__Data items__
=== Section Start ===

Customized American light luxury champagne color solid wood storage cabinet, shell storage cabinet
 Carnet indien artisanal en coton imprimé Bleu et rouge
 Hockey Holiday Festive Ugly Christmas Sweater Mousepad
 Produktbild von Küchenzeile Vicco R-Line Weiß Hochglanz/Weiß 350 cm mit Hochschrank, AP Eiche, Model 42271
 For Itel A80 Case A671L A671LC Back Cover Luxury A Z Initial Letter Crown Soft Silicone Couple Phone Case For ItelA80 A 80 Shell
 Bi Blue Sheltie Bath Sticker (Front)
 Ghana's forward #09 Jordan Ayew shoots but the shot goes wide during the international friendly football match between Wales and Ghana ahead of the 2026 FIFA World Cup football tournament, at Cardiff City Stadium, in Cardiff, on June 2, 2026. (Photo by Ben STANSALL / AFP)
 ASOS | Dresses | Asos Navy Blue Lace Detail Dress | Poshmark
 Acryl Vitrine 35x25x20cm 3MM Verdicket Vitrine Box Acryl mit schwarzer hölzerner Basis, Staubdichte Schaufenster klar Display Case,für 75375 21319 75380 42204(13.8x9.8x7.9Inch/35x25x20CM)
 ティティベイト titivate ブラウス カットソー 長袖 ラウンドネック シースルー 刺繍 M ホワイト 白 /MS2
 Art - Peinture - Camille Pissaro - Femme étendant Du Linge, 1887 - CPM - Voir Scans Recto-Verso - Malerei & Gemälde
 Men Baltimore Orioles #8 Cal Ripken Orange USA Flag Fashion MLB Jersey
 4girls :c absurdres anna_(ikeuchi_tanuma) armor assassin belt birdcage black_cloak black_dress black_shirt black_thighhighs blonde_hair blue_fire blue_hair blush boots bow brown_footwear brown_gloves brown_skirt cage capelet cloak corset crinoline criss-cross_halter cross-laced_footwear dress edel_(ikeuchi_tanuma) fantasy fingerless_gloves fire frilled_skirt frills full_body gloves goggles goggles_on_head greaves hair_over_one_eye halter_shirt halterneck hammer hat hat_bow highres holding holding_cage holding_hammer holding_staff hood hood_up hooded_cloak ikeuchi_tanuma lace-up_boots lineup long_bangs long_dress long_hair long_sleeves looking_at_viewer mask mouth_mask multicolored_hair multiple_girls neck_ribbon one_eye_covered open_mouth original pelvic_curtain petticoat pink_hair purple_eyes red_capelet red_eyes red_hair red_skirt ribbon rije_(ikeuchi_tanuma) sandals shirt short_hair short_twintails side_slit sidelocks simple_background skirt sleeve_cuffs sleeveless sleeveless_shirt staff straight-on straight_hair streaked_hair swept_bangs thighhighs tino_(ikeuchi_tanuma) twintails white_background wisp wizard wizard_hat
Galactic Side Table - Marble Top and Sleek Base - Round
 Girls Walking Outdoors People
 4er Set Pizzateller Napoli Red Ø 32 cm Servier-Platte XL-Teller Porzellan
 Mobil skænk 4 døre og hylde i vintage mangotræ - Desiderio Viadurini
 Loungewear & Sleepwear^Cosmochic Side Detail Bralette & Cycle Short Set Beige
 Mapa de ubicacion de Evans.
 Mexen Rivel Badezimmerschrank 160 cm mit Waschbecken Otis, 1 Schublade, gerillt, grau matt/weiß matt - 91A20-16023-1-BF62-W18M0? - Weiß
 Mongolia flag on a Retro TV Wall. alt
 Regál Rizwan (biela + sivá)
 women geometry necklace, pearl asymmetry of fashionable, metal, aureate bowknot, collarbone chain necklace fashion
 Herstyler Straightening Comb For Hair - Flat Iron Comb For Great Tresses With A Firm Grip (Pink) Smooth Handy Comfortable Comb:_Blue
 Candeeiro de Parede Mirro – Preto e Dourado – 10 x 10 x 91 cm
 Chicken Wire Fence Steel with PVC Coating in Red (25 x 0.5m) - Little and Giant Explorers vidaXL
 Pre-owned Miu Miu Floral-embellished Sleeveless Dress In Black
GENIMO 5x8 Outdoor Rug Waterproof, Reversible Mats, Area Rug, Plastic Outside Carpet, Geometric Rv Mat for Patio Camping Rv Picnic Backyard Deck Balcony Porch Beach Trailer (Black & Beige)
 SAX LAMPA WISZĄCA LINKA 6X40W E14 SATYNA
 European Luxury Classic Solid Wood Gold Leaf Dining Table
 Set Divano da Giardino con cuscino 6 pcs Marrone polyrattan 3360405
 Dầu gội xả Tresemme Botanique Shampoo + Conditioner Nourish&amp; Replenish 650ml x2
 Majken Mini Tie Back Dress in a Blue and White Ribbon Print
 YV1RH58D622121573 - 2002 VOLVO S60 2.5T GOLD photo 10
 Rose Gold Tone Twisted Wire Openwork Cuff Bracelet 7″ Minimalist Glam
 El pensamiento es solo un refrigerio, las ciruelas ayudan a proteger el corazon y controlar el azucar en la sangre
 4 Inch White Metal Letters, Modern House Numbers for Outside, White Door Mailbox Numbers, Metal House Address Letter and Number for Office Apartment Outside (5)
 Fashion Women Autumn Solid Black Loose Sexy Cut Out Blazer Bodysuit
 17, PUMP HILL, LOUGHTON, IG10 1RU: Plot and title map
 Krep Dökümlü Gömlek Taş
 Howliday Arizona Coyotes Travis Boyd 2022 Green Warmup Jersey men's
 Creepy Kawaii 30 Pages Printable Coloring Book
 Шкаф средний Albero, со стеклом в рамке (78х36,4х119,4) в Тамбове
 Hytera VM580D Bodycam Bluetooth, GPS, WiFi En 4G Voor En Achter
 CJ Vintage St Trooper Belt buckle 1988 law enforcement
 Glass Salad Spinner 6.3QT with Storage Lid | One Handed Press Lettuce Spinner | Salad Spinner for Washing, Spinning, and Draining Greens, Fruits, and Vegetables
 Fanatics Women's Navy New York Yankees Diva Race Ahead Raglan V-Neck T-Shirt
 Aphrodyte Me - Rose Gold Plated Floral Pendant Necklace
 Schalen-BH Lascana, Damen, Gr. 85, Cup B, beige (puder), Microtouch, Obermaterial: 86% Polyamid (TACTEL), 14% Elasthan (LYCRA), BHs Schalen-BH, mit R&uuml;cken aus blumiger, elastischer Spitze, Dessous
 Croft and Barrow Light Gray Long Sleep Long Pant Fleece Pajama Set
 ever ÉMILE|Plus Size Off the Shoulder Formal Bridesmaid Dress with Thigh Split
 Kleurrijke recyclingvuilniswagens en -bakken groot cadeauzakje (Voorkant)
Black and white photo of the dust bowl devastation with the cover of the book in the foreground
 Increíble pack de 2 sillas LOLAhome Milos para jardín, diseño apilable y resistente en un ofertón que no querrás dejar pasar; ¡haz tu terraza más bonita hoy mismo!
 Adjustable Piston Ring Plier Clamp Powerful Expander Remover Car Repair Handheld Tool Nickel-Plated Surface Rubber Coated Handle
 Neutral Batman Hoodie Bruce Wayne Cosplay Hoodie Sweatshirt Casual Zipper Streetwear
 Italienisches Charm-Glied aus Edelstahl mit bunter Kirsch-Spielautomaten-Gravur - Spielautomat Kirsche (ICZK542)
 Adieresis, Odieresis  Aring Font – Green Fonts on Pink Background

=== Section End ===

__ABOUT THIS TASK__
Reproduce every line of the entries above, unchanged, from the very first one down to and including the line containing "Ghana's forward #09".

__RESPONSE TO THIS TASK__
Customized American light luxury champagne color solid wood storage cabinet, shell storage cabinet
 Carnet indien artisanal en coton imprimé Bleu et rouge
 Hockey Holiday Festive Ugly Christmas Sweater Mousepad
 Produktbild von Küchenzeile Vicco R-Line Weiß Hochglanz/Weiß 350 cm mit Hochschrank, AP Eiche, Model 42271
 For Itel A80 Case A671L A671LC Back Cover Luxury A Z Initial Letter Crown Soft Silicone Couple Phone Case For ItelA80 A 80 Shell
 Bi Blue Sheltie Bath Sticker (Front)
 Ghana's forward #09 Jordan Ayew shoots but the shot goes wide during the international friendly football match between Wales and Ghana ahead of the 2026 FIFA World Cup football tournament, at Cardiff City Stadium, in Cardiff, on June 2, 2026. (Photo by Ben STANSALL / AFP)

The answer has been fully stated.